The conditions inside our body must be very carefully controlled if the body is to function
effectively. Homeostasis is the maintenance of a constant internal environment. The nervous
system and hormones are responsible for this.
One example of homeostasis is the concentration of carbon dioxide in the blood being carefully
controlled. Here are some of the other internal conditions that are regulated:
Body temperature
This is controlled to maintain the temperature at which the body’s enzymes work best, which is
usually 37°C.
Blood sugar level
This is controlled to provide cells with a constant supply of glucose for respiration. It is
controlled by the release and storage of glucose, which is in turn controlled by insulin.
Water content
This is controlled to protect cells by stopping too much water from entering or leaving them.
Water content is controlled by water loss from:
the lungs - when we exhale
the skin - by sweating
the body - in urine produced by the kidneys
Negative feedback
Homeostatic control is achieved using negative feedback mechanisms:
if the level of something rises, control systems reduce it again
if the level of something falls, control systems raise it again
Negative feedback flowchart
Regulating body temperature
The human body is designed to function most efficiently at 37ºC. If you become too hot or too
cold, there are ways in which your body temperature can be controlled.
Too hot
When we get too hot:
Sweat glands in the skin release more sweat. The sweat evaporates, removing heat
energy from the skin.
Blood vessels leading to the skin capillaries become wider - they dilate - allowing more
blood to flow through the skin, and more heat to be lost.
Too cold
When we get too cold:
Muscles contract rapidly - we shiver. These contractions need energy from respiration,
and some of this is released as heat.
Blood vessels leading to the skin capillaries become narrower - they constrict - letting
less blood flow through the skin and conserving heat in the body.
The skin
The hairs on the skin also help to control body temperature. They lie flat when we are warm, and
rise when we are cold. The hairs trap a layer of air above the skin, which helps to insulate the
skin against heat loss.
The hypothalamus is the part of the brain which monitors the body's temperature. It receives
information from temperature-sensitive receptors in the skin and circulatory system.

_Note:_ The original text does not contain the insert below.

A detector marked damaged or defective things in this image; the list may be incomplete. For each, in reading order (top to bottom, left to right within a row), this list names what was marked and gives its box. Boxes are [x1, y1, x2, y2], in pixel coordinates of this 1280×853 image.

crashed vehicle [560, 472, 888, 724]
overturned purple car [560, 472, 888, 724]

The hypothalamus responds to this information by sending nerve impulses to effectors to
maintain body temperature. For example, if we become too cold, the hair erector muscles
contract. This raises the skin hairs and traps a layer of air next to the skin.
Skin hairs lie flat when we are hot and stand upright when we are cold
Negative feedback mechanisms control body temperature. They include the amount of:
shivering (rapid muscle contractions release heat)

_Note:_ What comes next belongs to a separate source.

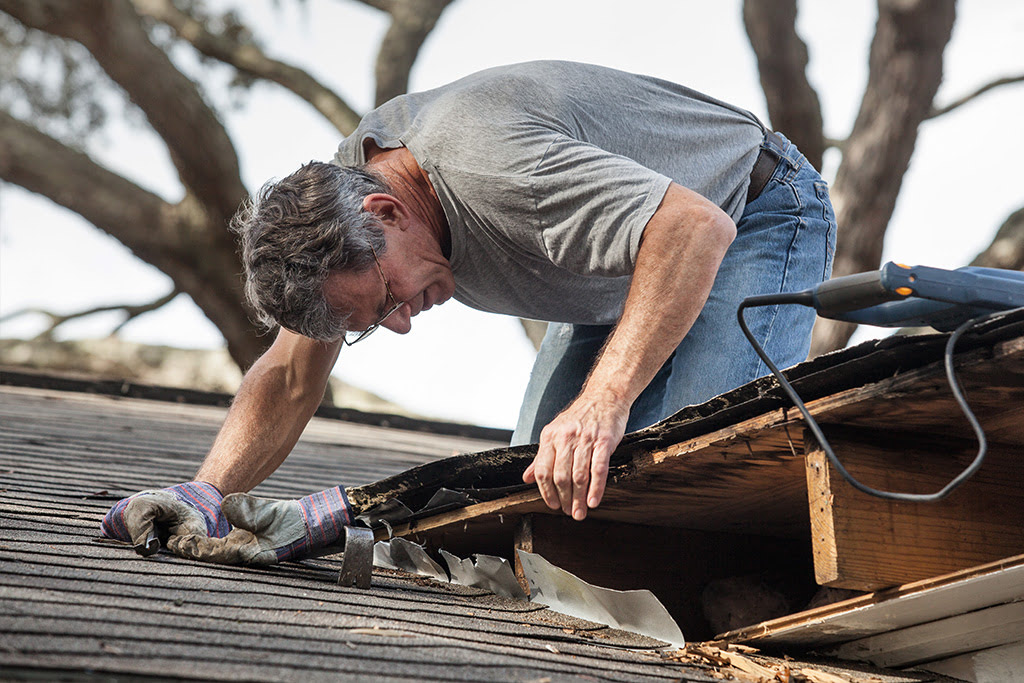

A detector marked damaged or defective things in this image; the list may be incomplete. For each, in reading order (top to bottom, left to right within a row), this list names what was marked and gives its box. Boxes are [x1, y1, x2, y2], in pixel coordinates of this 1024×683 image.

damaged roof [0, 374, 948, 683]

sweating (evaporation of water in sweat causes cooling)
blood flowing in the skin capillaries
Negative feedback in temperature regulation
Vasoconstriction and vasodilation
These diagrams show the processes that take place when vasoconstriction and
vasodilation occur.
The amount of blood flowing through the skin capillaries is altered by vasoconstriction
and vasodilation
Regulating blood glucose
Glucose is needed by cells for respiration. It is important that the concentration of glucose in the
blood is maintained at a constant level. Insulin is a hormone - produced by the pancreas - that
regulates glucose levels in the blood.